Обычно писатель зависит от издательства, что очень ограничивает его маневр. В данном случае я могу свое собственное дерево выращивать и смотреть, где его подстричь, а где дать отрасти. Мне это интересно.
-- Вы как будто особенно боитесь перестать контролировать реальность?
-- Да, я люблю контролировать ситуацию, что иногда хорошо, а иногда плохо.
-- Это не мешает в сочинительстве?
-- Иногда мешает, но больше помогает. Именно поэтому, наверное, я могу сочинять так много и так быстро.
-- А вам нравится то, что вы пишете?
-- Чаще я бываю разочарован, потому что у меня в голове это выглядит красивее, чем выходит на бумаге. Иногда разница получается существенная.
-- Какие претензии к самому себе?
-- Никак похудеть не могу. А если про романы -- мне не хватает терпения, чтобы нащупать детали и мелочи до конца, поэтому у меня некоторые персонажи получаются недостаточно живыми. Значит, я поторопился, не до конца все про них угадал.

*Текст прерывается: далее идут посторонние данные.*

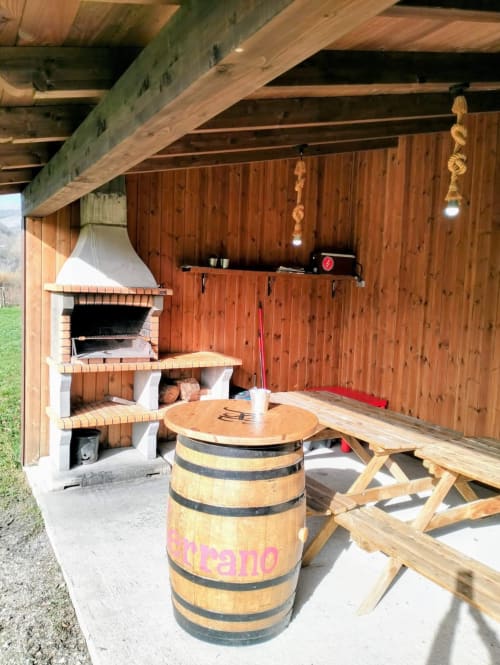 Terraza rústica cubierta en Casa Rural El Serrano con mesa de barril, chimenea de ladrillo y vigas de madera en Prioro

Я всегда считал себя человеком рациональным, но сейчас со мной часто происходят какие-то мистические случаи и невероятные совпадения. Из последнего: роман «Азазель» начинается со сцены в Александровском саду, где застрелился молодой человек приятной наружности 23 лет, и у него в кармане обнаруживают записку возмутительного содержания. Во второй главе этого романа я обильно цитирую Достоевского -- «Дневник писателя», где писатель рассуждает о самоубийстве. А не далее как на прошлой неделе я прочитал, что на Федора Михайловича Достоевского большое впечатление произвело самоубийство молодого человека, 23 лет, в Александровском саду, описанное в московской газете «Голос», и в кармане у молодого человека нашли записку возмутительного содержания. Я об этом понятия не имел, когда три с половиной года назад начал писать этот роман. Другая история, не менее странная. Три дня назад получаю письмо читательницы. В романе «Алтын-Толобас» есть персонаж, потомок Артамона Сергеевича Матвеева, того самого боярина, которого убили стрельцы в 1682 году. Этот герой женится на журналистке по фамилии Мамаева. В письме дама пишет о том, что она -- потомок Артамона Матвеева, и сообщает, что ее прабабка вышла замуж за человека по фамилии Мамаев, и они теперь называются Мамаевы.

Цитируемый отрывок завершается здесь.